▼

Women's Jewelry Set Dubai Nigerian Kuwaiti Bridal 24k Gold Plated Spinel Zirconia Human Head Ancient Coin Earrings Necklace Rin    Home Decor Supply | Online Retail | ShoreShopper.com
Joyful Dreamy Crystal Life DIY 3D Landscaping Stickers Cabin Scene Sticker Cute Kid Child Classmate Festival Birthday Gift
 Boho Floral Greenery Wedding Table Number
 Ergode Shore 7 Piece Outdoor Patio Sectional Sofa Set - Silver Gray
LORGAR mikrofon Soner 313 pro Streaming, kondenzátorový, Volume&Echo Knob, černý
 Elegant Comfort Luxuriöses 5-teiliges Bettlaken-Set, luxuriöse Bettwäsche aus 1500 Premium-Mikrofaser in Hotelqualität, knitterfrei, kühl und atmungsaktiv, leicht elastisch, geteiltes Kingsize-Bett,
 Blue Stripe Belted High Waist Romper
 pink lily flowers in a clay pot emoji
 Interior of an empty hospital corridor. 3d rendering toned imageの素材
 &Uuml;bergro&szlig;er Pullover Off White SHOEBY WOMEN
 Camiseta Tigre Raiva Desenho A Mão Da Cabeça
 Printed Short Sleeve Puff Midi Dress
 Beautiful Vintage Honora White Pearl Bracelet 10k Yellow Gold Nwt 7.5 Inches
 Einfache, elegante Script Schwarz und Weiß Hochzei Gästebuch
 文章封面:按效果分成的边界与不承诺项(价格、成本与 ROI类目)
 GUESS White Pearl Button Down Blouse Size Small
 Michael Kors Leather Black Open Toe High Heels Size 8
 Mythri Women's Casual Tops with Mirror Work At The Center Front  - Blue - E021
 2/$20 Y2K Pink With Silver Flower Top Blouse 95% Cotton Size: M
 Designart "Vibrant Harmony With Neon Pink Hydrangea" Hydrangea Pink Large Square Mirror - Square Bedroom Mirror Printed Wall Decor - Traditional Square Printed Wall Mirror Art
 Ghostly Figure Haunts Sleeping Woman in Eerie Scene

▲

▸ **Exercise aim**:
Write out each record exactly, without addition or omission.

▸ **Task result**:
Women's Jewelry Set Dubai Nigerian Kuwaiti Bridal 24k Gold Plated Spinel Zirconia Human Head Ancient Coin Earrings Necklace Rin    Home Decor Supply | Online Retail | ShoreShopper.com
Joyful Dreamy Crystal Life DIY 3D Landscaping Stickers Cabin Scene Sticker Cute Kid Child Classmate Festival Birthday Gift
 Boho Floral Greenery Wedding Table Number
 Ergode Shore 7 Piece Outdoor Patio Sectional Sofa Set - Silver Gray
LORGAR mikrofon Soner 313 pro Streaming, kondenzátorový, Volume&Echo Knob, černý
 Elegant Comfort Luxuriöses 5-teiliges Bettlaken-Set, luxuriöse Bettwäsche aus 1500 Premium-Mikrofaser in Hotelqualität, knitterfrei, kühl und atmungsaktiv, leicht elastisch, geteiltes Kingsize-Bett,
 Blue Stripe Belted High Waist Romper
 pink lily flowers in a clay pot emoji
 Interior of an empty hospital corridor. 3d rendering toned imageの素材
 &Uuml;bergro&szlig;er Pullover Off White SHOEBY WOMEN
 Camiseta Tigre Raiva Desenho A Mão Da Cabeça
 Printed Short Sleeve Puff Midi Dress
 Beautiful Vintage Honora White Pearl Bracelet 10k Yellow Gold Nwt 7.5 Inches
 Einfache, elegante Script Schwarz und Weiß Hochzei Gästebuch
 文章封面:按效果分成的边界与不承诺项(价格、成本与 ROI类目)
 GUESS White Pearl Button Down Blouse Size Small
 Michael Kors Leather Black Open Toe High Heels Size 8
 Mythri Women's Casual Tops with Mirror Work At The Center Front  - Blue - E021
 2/$20 Y2K Pink With Silver Flower Top Blouse 95% Cotton Size: M
 Designart "Vibrant Harmony With Neon Pink Hydrangea" Hydrangea Pink Large Square Mirror - Square Bedroom Mirror Printed Wall Decor - Traditional Square Printed Wall Mirror Art
 Ghostly Figure Haunts Sleeping Woman in Eerie Scene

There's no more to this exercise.